──────── Provided entries ────────

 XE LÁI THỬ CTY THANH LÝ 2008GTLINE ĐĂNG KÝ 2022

────────
──────── Provided entries ────────

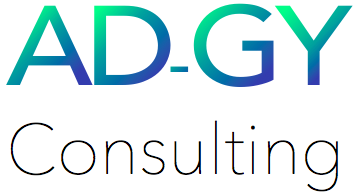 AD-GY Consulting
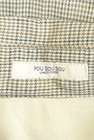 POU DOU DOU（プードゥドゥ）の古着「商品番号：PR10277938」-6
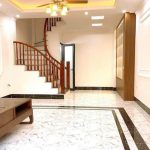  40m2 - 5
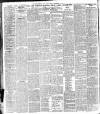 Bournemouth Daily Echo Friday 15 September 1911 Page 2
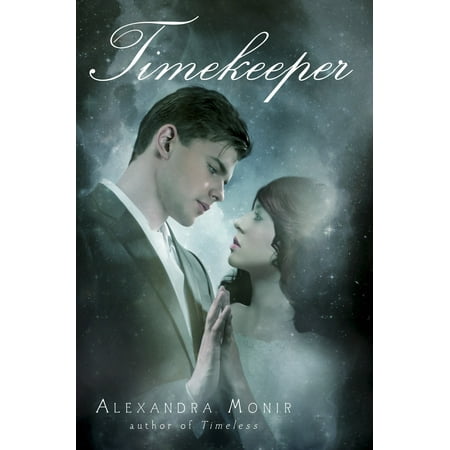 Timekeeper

────────
──────── Provided entries ────────

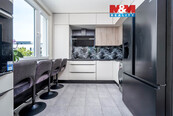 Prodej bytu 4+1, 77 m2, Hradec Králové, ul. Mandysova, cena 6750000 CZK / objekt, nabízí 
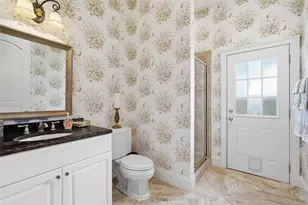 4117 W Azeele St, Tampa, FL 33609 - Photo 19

────────

## Assignment
What is needed is an exact copy of the lines above from the one with "Prodej bytu 4+1, 77" to the one with "4117 W Azeele St, Tampa, FL 33609 - Photo 19", both ends kept, and nothing more; please leave the pictures out.

## Solution below
 Prodej bytu 4+1, 77 m2, Hradec Králové, ul. Mandysova, cena 6750000 CZK / objekt, nabízí 
 4117 W Azeele St, Tampa, FL 33609 - Photo 19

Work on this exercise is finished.